Due to data migration from RDBMS (oracle/teradata) to HDFS (HIVE) the requirement is to compare full data set from RDBMS to HIVE data set, I understand that bring huge data from RDBMS/HIVE is a big network overhead but that is the requirement, I have developed a basic java framework in eclipse which will take source and target queries (with limited rows) and do a side by side comparison by fetching RDBMS and HIVE resulsets however to make it a more comprehensive validation I have to compare the keys of both the systems and check for duplicates in both the system, here are the things i tried till now:
Initialised two HashMaps one for RDBMS and one for HIVE then took PK as key and non-key attributes in a arraylist as value. Now with two hashmaps tried to compare the keys/values between it.
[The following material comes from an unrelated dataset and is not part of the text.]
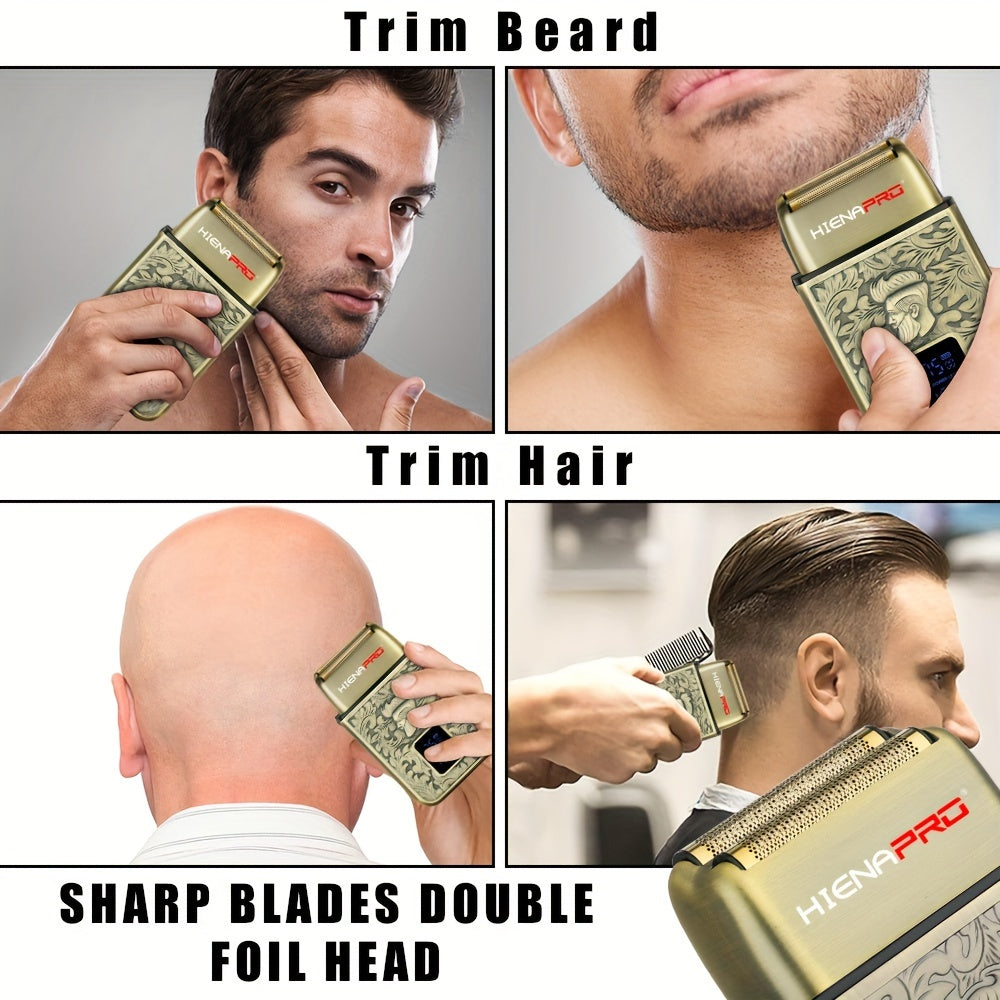 Afeitadora eléctrica recargable por USB con batería de larga duración, cuchillas dobles de acero inoxidable, fácil de limpiar, perfecta para afeitar y cuidado personal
But loading two resultsets and hashmaps in RAM would degrade the performance.
Tried to use REDIS in-memory database for storing Key/Value pairs however as I am trying to access REDIS through Java program not sure how to use REDIS hashmaps/hashsets the way we use in JAVA.
- Wrote the resultsets into two different text files but writing the file and reading/processing is time consuming.
For the fetching part of the data from RDBMS I have done things mentioned here and here I guess there maybe some tool for this job but am trying to develop something in opensource.